The downsides of Irish countryside living
There are plenty of really positive reasons why anybody would want to live in the Irish countryside. Affordable housing, clean air, friendly neighbours, beautiful scenery are just a few of them. However there are some downsides too.
I get questions on and off about the affordability of living in Irish cities, in particular Dublin. If you've looked into this, you'll find that it can be quite high. When I tell people to have a look at what is available as regards housing 10-20 miles out from any major city/town, they are amazed at what they find. Beautiful homes, on huge plots of land, for a fraction of what they'd pay nearer the city. 150k to 250k will buy you the most amazing house in many parts of the country. You just have to be prepared to commute for work, play, groceries and many of the other daily needs in life.
I've never lived in the countryside myself but I have many friends who do and/or have. I've asked a few of them for what they consider to be the worst aspects of living in the Irish countryside. They've been kind enough to offer up some thoughts.

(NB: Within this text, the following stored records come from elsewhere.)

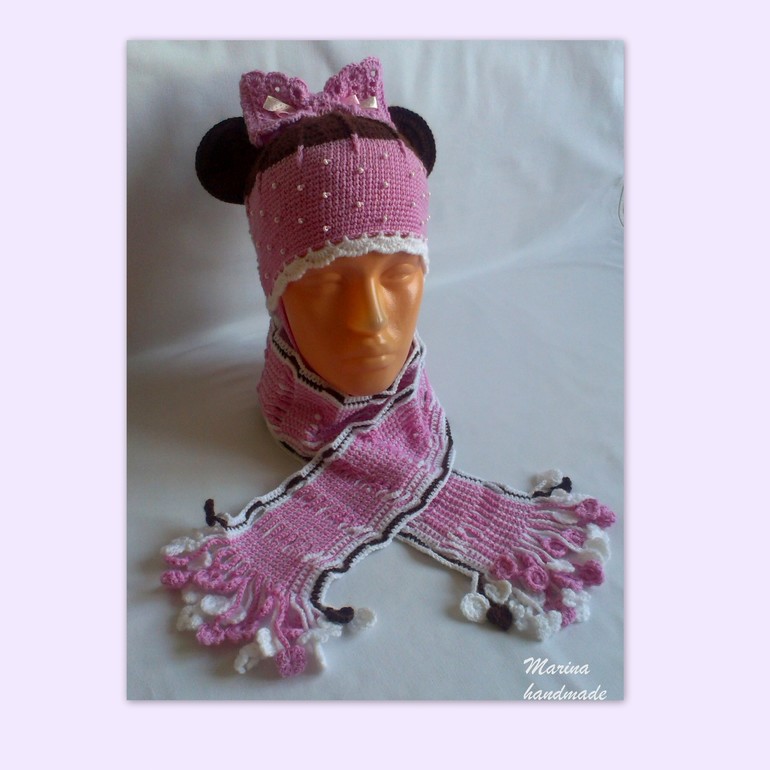 Шапочка "Минни" и необычный шарфик для девочки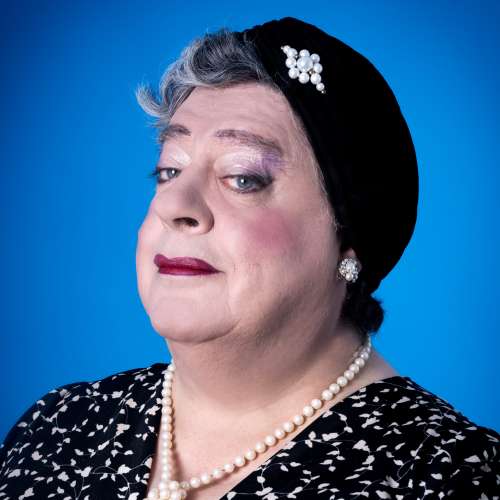 CARTE BLANCHE À MADAME RAYMONDE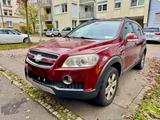 Chevrolet Captiva 2.4 LS EcoLogic 2WD 7-Sitzer LS - Chevrolet Captiva in Stuttgart
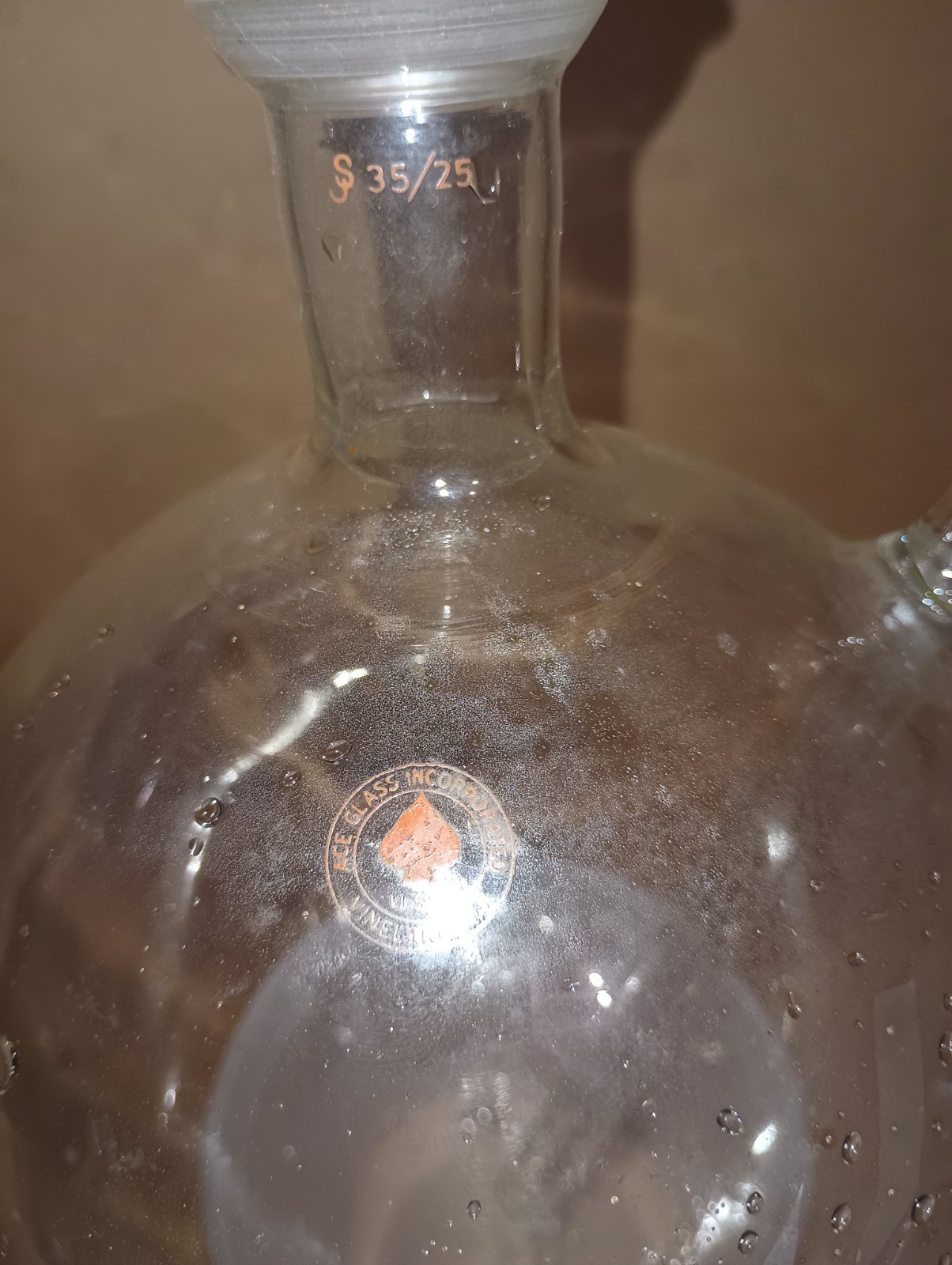 PYREX 2000 ML ROUND BOTTOM FLASK WITH THERMOMETER WELL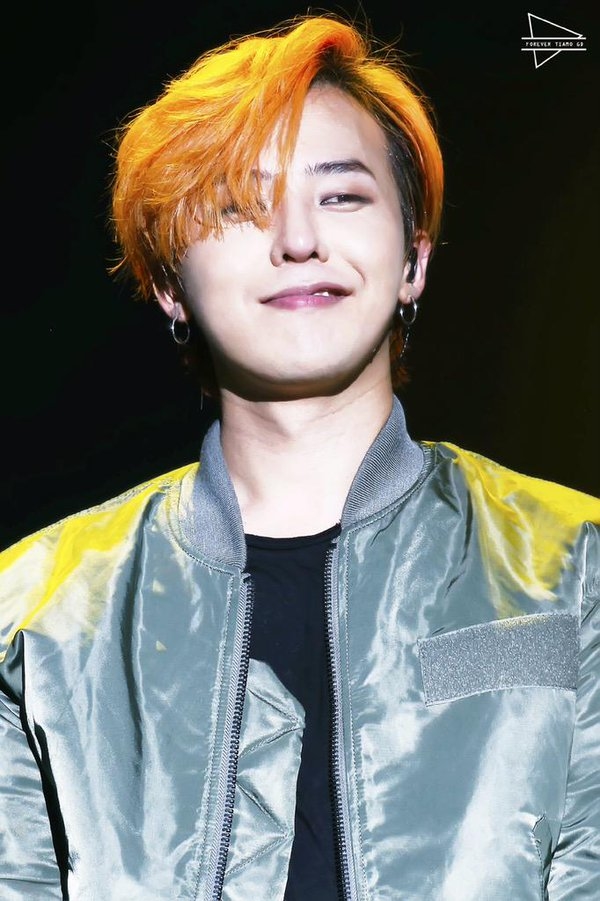7 thần tượng Kpop toàn năng được đông đảo khán giả ngưỡng mộ
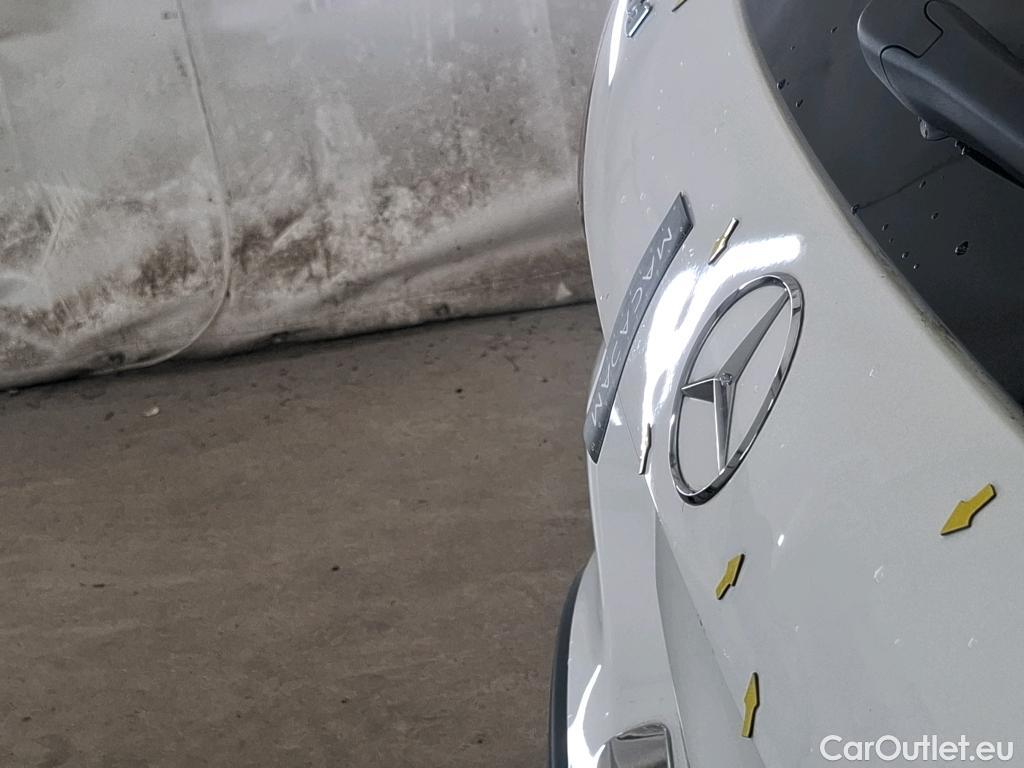  Mercedes  GLA MERCEDES-BENZ  / 2020 / 5P / SUV 2.0  200 D BUSINESS LINE DCT #12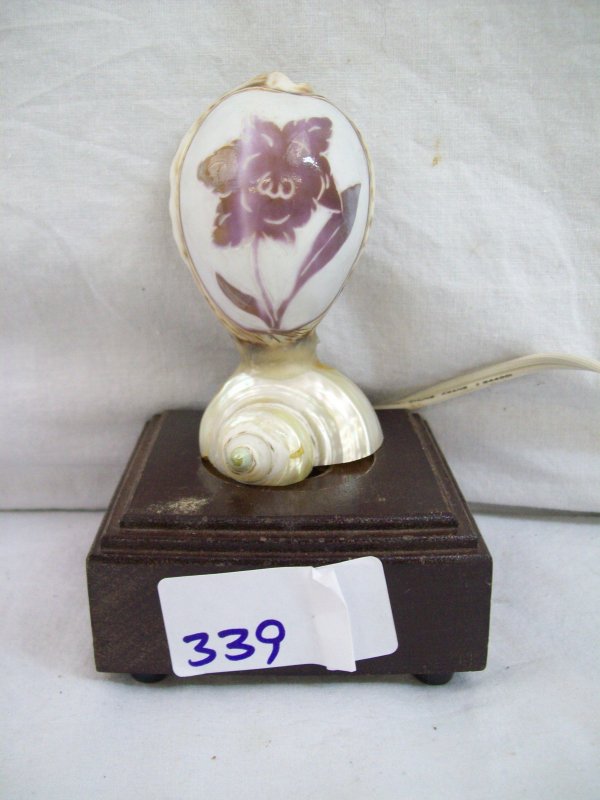 LIGHTING: SHELL LAMP. NOT ATTACHED TO BASE. 5 1/2 INCHES HIGH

The thing you dislike most about Irish countryside living is:
The lack of decent internet and mobile phone coverage was probably the biggest let down for us. With the internet we didn't really think it would be as big a deal as it was until we tried watching Netflix using our satellite broadband connection. It'd be ok at times, but un-watchable often. Similarily with the mobiles. You'd get ok connection outside, but you can imagine what it's like having to run outside to take or make a call. Landlines are not a thing of the past! - Stephen in Cork
About a year after we moved in we had an issue with the septic tank. The whole septic tank thing was new to me to begin with, but then needing a repair soon after we bought the house was a bit of a pain. Being from the city, I hadn't been used to having these sorts of issues. There's relatively new laws in place now too for registration and inspection of the tanks. I don't know many of the details but epa.ie is the official source for info. - Graham in Limerick
Can I only pick one? 🙂 I suppose if I had to pick, it'd be the distance/time it takes me to get to work. I live in a lovely house near Kilbrittain in Cork. The drive in to town (Cork city) where I work takes me about an hour most days. I love the country life, and the fact that we get a great house for what we pay out, but the driving is a killer! - James in Cork
We've had a few issues with our neighbour farmer about dogs (ours) and parking (his). He's threatened to take pot shots at our dogs if they come near his land. Our dogs are timid old things, and I understand he's concerned about his own animals, but threatening to shoot them is a bit over the top! The parking thing...he'll often block the roadway with a tractor or trailer and not think a thing about it. He kind of thinks he owns the lane just because there's not a lot of traffic comes down it. - Dermot in Kerry
It drives me nuts when I'm trying to get to work (or just want to get home), and there's a load of cows crossing the road. To be fair it only takes a few minutes for them to pass, but I'd still prefer not to wait. I suppose it's not too much worse than a busy section of road really. - Paula in Waterford
When we bought our place up here near Mallow back in 2013 we didn't really think of the small things that we'd miss from being nearer to town. For example nobody will deliver food to our area. Like I say, small, but it can be the little things that you miss. - Kevin in Cork
The lack of local amenities really comes to mind, Liam. Playgrounds for the kids, shops, pubs, etc. We have to drive to them all, and have limited options. - Caroline in Limerick
And there you have it...
I didn't put these thoughts together to deter anyone from living in the countryside. Everyone who you just heard from said that even though there are downsides, they know there are too in cities, and wouldn't want to live anywhere else.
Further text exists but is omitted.